The ease of milking any cow is dependent on her personality and her raising.


----------



## NickNack4147 (May 10, 2021)

Danaus29 said:


> According to this site they are great for milking and the milk is good for cheese;
> 
> 
> 
> ...


Nice! I feel like the TLH is such an underrated cow..


----------



## altair (Jul 23, 2011)

Danaus29 said:


> According to this site they are great for milking and the milk is good for cheese;
> 
> 
> 
> ...


I think those are British longhorns (their horns curl in) though they may share some old ancestors with the U.S. version.


----------



## Alice In TX/MO (May 10, 2002)

Getting them in a stanchion is tricky.


----------



## NickNack4147 (May 10, 2021)

Alice In TX/MO said:


> The ease of milking any cow is dependent on her personality and her raising.


For sure. I know they're known for their general docile nature, so I was wondering if that transferred over to a milking situation. You'd think that if they are compliant in being haltered, led, and even ridden in some cases that they'd be cool with milking..


----------



## NickNack4147 (May 10, 2021)

Alice In TX/MO said:


> Getting them in a stanchion is tricky.


True, horn logistics. It'd have to be modified to be able to open completely I suppose.


----------



## Danaus29 (Sep 12, 2005)

altair said:


> I think those are British longhorns (their horns curl in) though they may share some old ancestors with the U.S. version.


Hmm, I didn't realize there were 2 distinct breeds of longhorns.

I suppose you could train any cow to accept being milked. I know one of my grandparents neighbors trained one of gparent's Angus cows to come over to the line fence so the older kids could milk her to get milk for their baby brother. It went on for quite a while before Grandpa found out when one of the kids spilled the beans in a conversation. He told them they should have asked first but they were welcome to as much milk as the cow would let them have.


----------



## altair (Jul 23, 2011)

English Longhorn - Wikipedia who knew, eh?


----------



## NickNack4147 (May 10, 2021)

Danaus29 said:


> Hmm, I didn't realize there were 2 distinct breeds of longhorns.
> 
> I suppose you could train any cow to accept being milked. I know one of my grandparents neighbors trained one of gparent's Angus cows to come over to the line fence so the older kids could milk her to get milk for their baby brother. It went on for quite a while before Grandpa found out when one of the kids spilled the beans in a conversation. He told them they should have asked first but they were welcome to as much milk as the cow would let them have.


That's basically what I told my husband when he asked if we could milk the longhorn -- that all cows make milk soooo probably if you work with it!

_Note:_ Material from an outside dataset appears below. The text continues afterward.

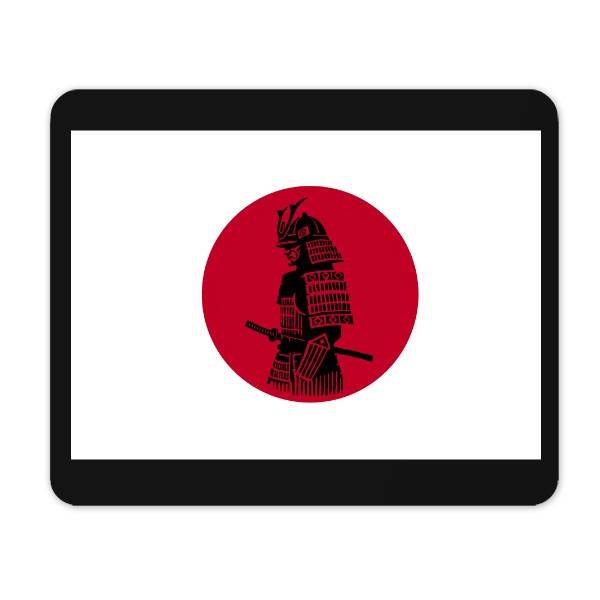 Mouse pad Samurai tribal flag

I can't imagine it being _bad_. He wanted a cow he could milk, but also one that was super low-maintenance that could pasture basically 24/7 with minimal supplements... Had to break it to him that he was describing a beef cow and not a dairy cow lol. And here we are... trying to milk a beef cow ...


----------



## Alice In TX/MO (May 10, 2002)

Lots of folks have milked beef cattle. Not really a problem.


----------



## Tom Horn (Feb 10, 2021)

altair said:


> English Longhorn - Wikipedia who knew, eh?

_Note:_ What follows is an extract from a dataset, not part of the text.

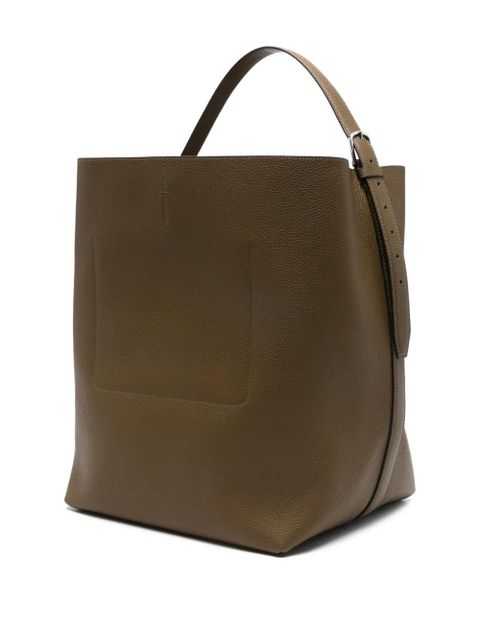 TOTEME buckle-strap shoulder bag - Green - zdjęcie produktu nr 2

If you've ever watched Braveheart, they use a team of English longhorns to bring William Wallace's father and brother back from the battle where they were killed.


----------



## Tom Horn (Feb 10, 2021)

NickNack4147 said:


> Might be an odd question, but has anyone tried milk from a Texas Longhorn (mini or standard)? If so, how is it? Creamy enough to make cheese and such? Do they tolerate being milked well?


I would say that catching one up and milking her would be the greatest challenge. I wouldn't think that they would produce enough milk to be worth the trouble, but folks milk sheep and make cheese out of that so if you have patience and several longhorn cows you might get enough milk to do something with.. 

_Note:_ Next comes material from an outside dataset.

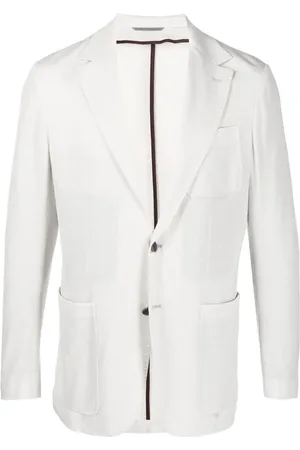 CANALI Fitted single-breasted button blazer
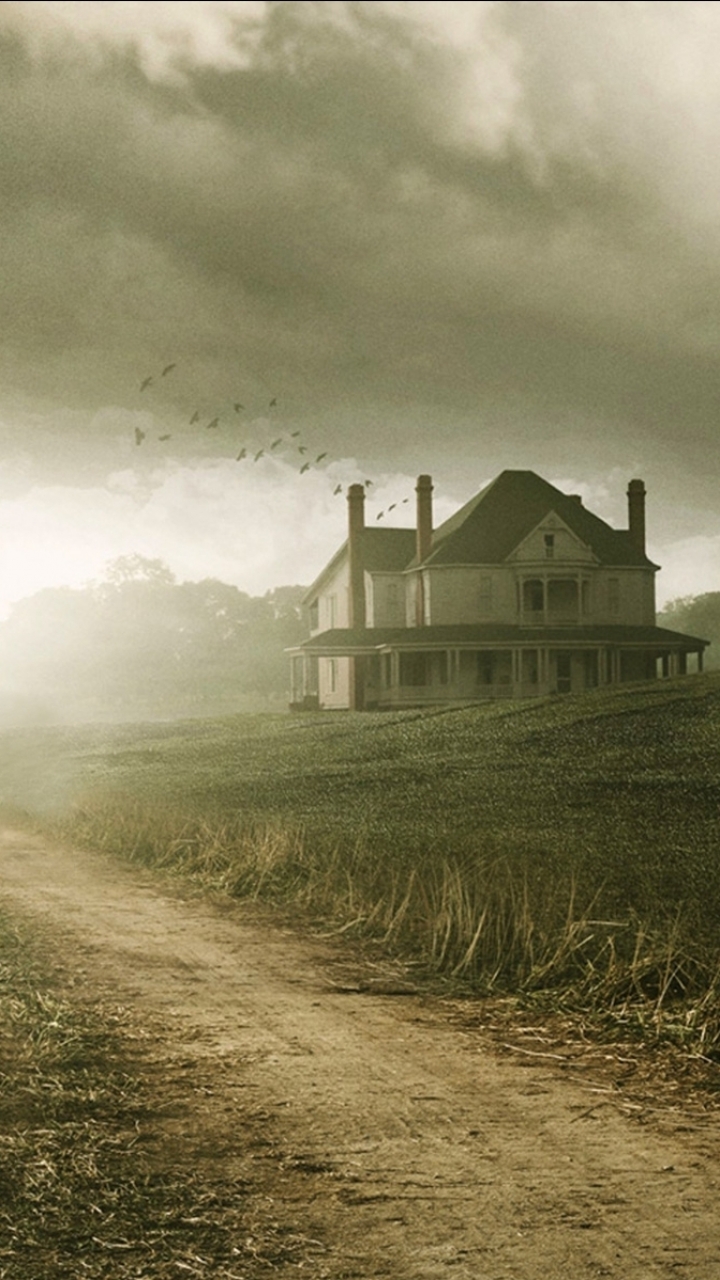 Download mobile wallpaper House, Tv Show, Dirt Road, The Walking Dead for free.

Folks have been milking just about anything that lactates for centuries, cow, sheep, goat, horse, camel. The Mongols make a fermented drink from horse milk... Yummy.


Did you hear about the four hippies that got killed getting a drink of milk? 

The cow fell over onto them.


----------



## Tom Horn (Feb 10, 2021)

Alice In TX/MO said:


> Lots of folks have milked beef cattle. Not really a problem.


I worked on a dairy that ran at least one beef/dairy cross through the parlor. Her productivity dropped much faster than her Holstein counterparts.


----------



## muleskinner2 (Oct 7, 2007)

You make do with what you have, not wishing you had something else.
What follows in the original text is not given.